*INPUT DATA*:
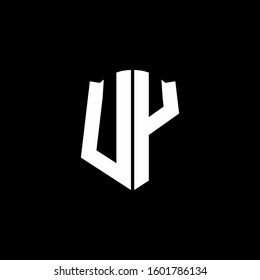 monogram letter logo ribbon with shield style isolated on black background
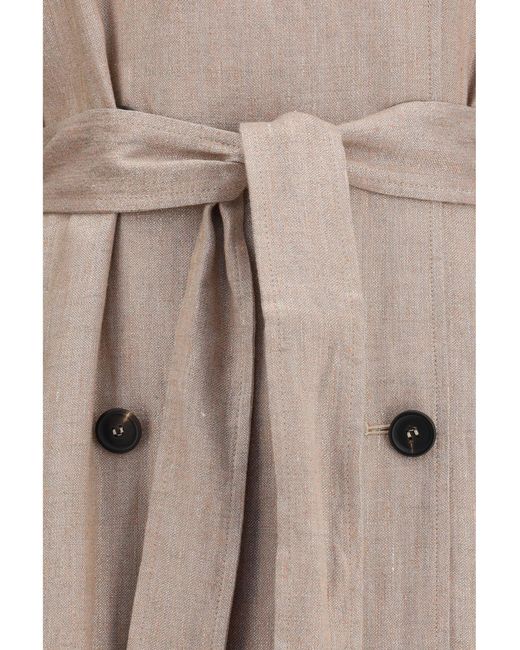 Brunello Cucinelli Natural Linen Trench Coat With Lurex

...

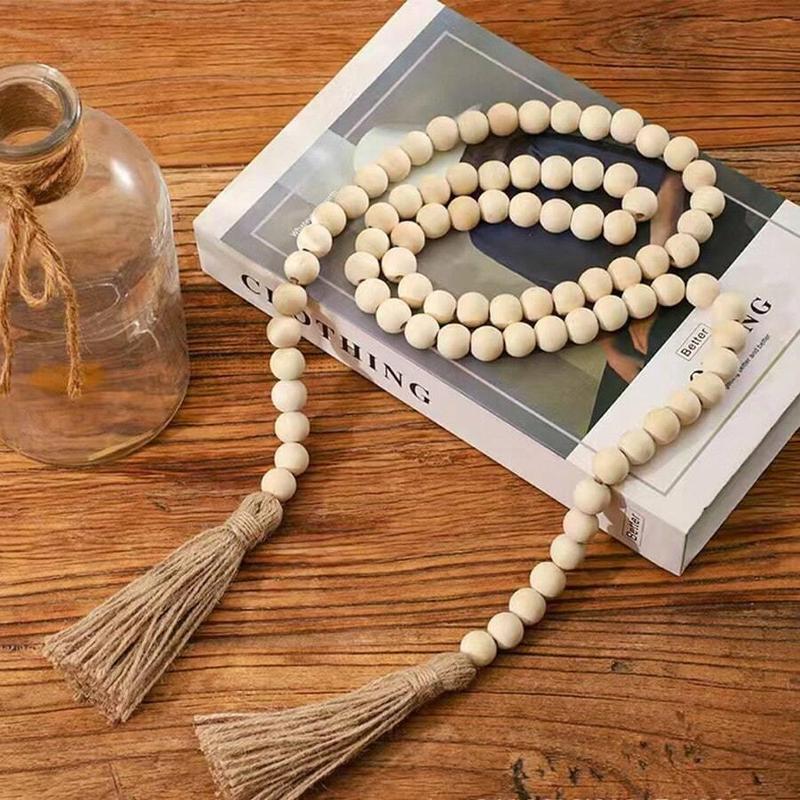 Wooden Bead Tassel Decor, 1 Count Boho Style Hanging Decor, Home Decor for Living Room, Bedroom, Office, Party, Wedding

==

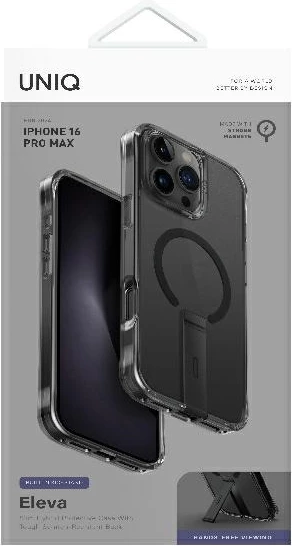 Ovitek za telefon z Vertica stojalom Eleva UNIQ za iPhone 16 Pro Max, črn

*WHAT YOU SHOULD DO*: Copy word for word the lines above, starting at the line containing "monogram letter logo" and ending at the line containing "Brunello Cucinelli Natural", inclusive, with no pictures.

*ANSWER TO THE EXERCISE*:
 monogram letter logo ribbon with shield style isolated on black background
 Brunello Cucinelli Natural Linen Trench Coat With Lurex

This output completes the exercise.